Gotta love surprises ! But the h/o gets the bigger headache for sure.:blink:


----------



## Kiwiman (Jun 14, 2008)

So what is the best way to treat mold like that anyway? it must be almost impossible to get rid of permanently when it's so ingrained into the timber, I've heard bleach or vinegar works but then I heard bleach feeds the mold, but then again the mold treatments on the shelves are mainly bleach based so it must work....or does it just remove the staining and not actually kill it.


----------



## cdwoodcox (Jan 3, 2011)

Kiwiman said:


> So what is the best way to treat mold like that anyway? it must be almost impossible to get rid of permanently when it's so ingrained into the timber, I've heard bleach or vinegar works but then I heard bleach feeds the mold, but then again the mold treatments on the shelves are mainly bleach based so it must work....or does it just remove the staining and not actually kill it.


We have to pull up the rest of hardwood floor and the subfloor cutout all the floor joists that are really rotten they will all get burned. As far as the rest of mold they used to say bleach now they just say warm water with detergent.

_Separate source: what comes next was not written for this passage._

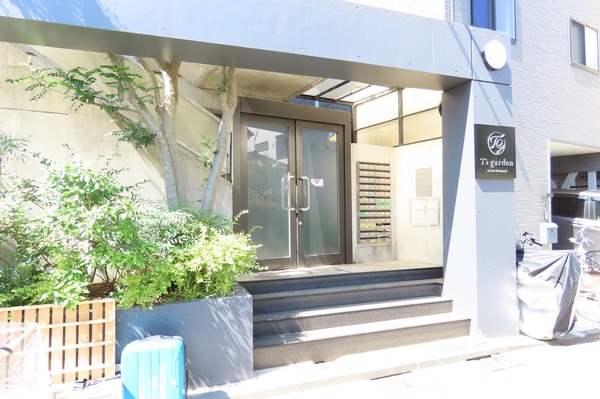 T's gardenHIKAWADAIⅡ エントランス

Once all the mold is physically removed dehumidifiers and fans too dry everything out. after that kilz paint over all surfaces that had mold.
The epa says it is impossible to eradicate all mold once it is in a dwelling main thing is to remove the fuel source (water/humidity).


----------



## moore (Dec 2, 2010)

http://www.concrobium.com/moldy_forecast.php?gclid=CPPwvt_3rKsCFcjc4AodnVqb6g


----------



## cdwoodcox (Jan 3, 2011)

moore said:


> http://www.concrobium.com/moldy_forecast.php?gclid=CPPwvt_3rKsCFcjc4AodnVqb6g


 Is this something you're recommending from personal use.


----------



## moore (Dec 2, 2010)

cdwoodcox said:


> Is this something you're recommending from personal use.

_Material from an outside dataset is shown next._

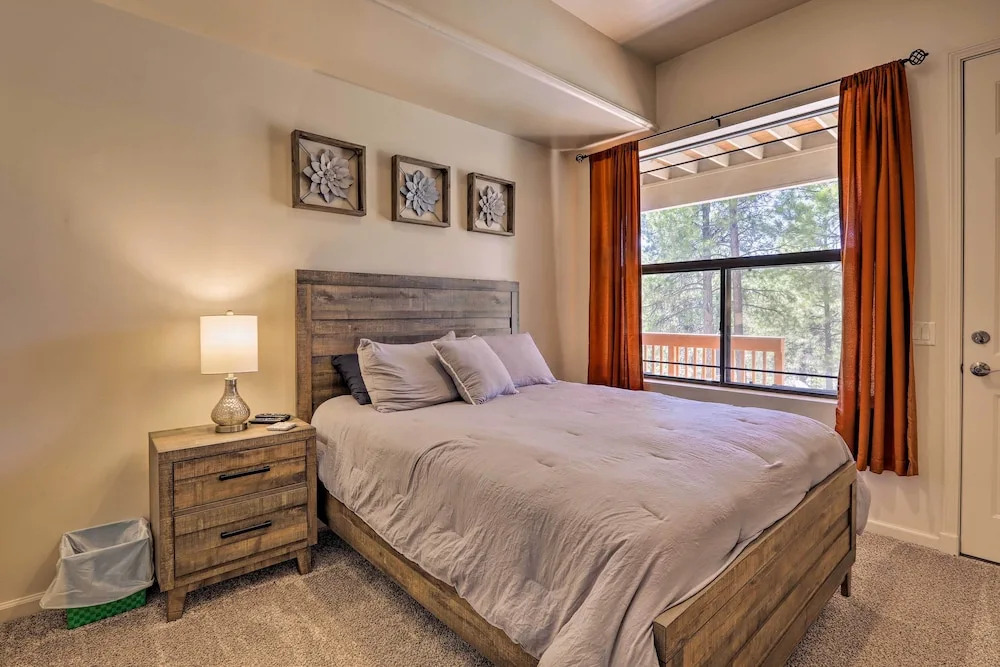 Spacious Flagstaff Home With Fire Pit & Game Room!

NO .. long story short ..I had a water problem in my crawl space ..
well line with a pinhole ..caused a little mold problem . Not major ,,but I found this link here [DWT] no bleach or ammonia ...


----------



## cdwoodcox (Jan 3, 2011)

moore said:


> NO .. long story short ..I had a water problem in my crawl space ..
> well line with a pinhole ..caused a little mold problem . Not major ,,but I found this link here [DWT] no bleach or ammonia ...


 Interesting read if that stuff really works and I could fog this guys whole under side of his house that would save me days of work.


----------



## SlimPickins (Aug 10, 2010)

Ugh...that looks like a siding repair I did a few months back...I counted nine different types of mold, and one was this weird looking white tree that looked like a fractal. 

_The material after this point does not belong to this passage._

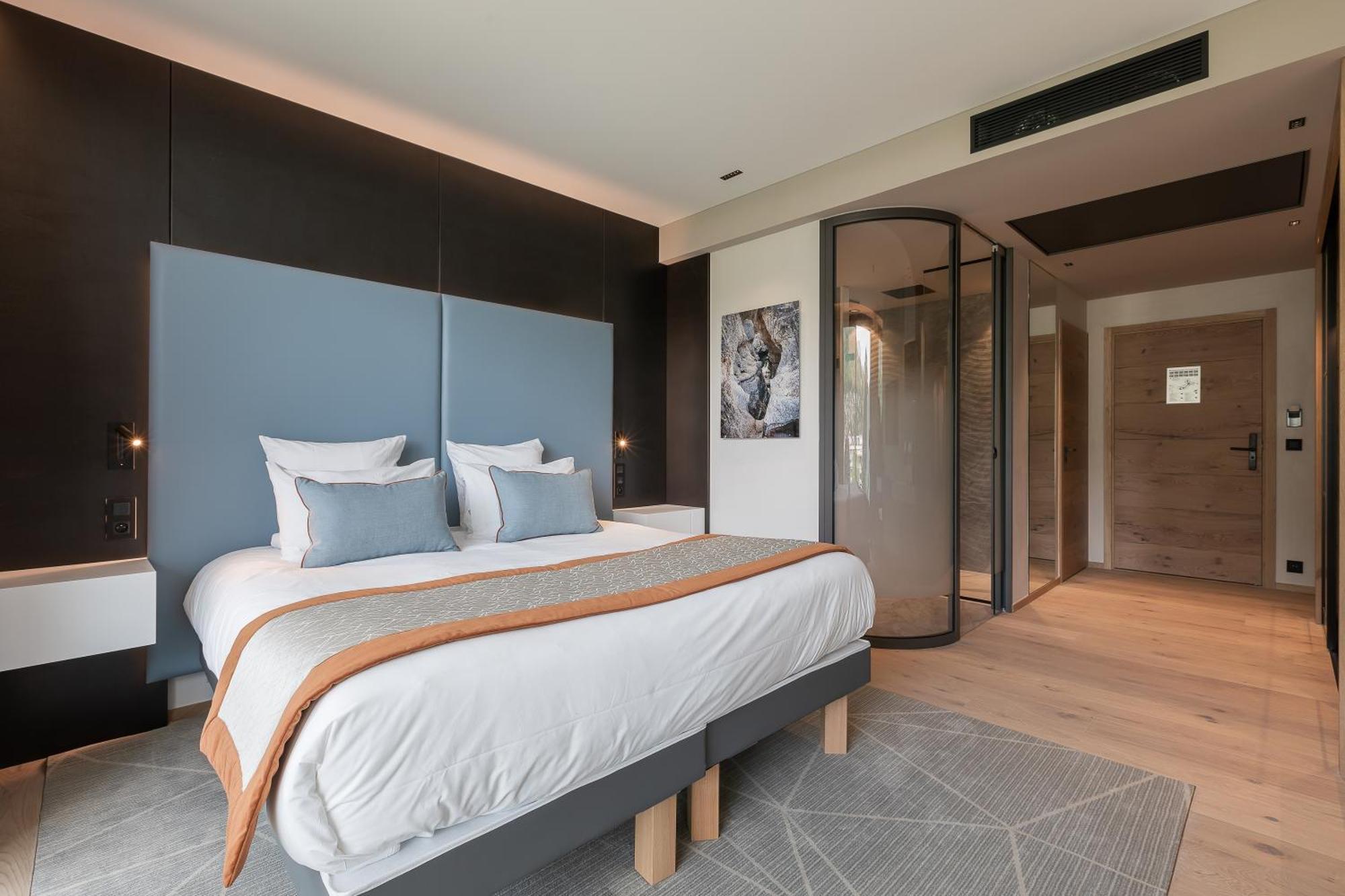 Prestige Room Balcony complimentary spa access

I was on job where the tile setter found some mold he needed to kill, went to the tile house, got a reps name, and the guy told him the exact ratios for mixing bleach and ammonia. I was like , and when I smelled it I was like :no: and got the hell out of there. But no one croaked.


----------



## cdwoodcox (Jan 3, 2011)

Ready to rebuild.


----------



## Capt-sheetrock (Dec 11, 2009)

Looking good !!!

Mesh tape will problly keep that mold from coming back,,:thumbup:


----------



## cdwoodcox (Jan 3, 2011)

Capt-sheetrock said:


> Looking good !!!
> 
> Mesh tape will problly keep that mold from coming back,,:thumbup:


Good looking out Capt. I normally use usg mesh on my seams but on this one I will use this. NOTICE HOW IT IS GREEN.


----------



## Capt-sheetrock (Dec 11, 2009)

cdwoodcox said:


> Good looking out Capt. I normally use usg mesh on my seams but on this one I will use this. NOTICE HOW IT IS GREEN.


 You can probbly get a billion dollars from the goverment to promote that,,,:thumbup:


----------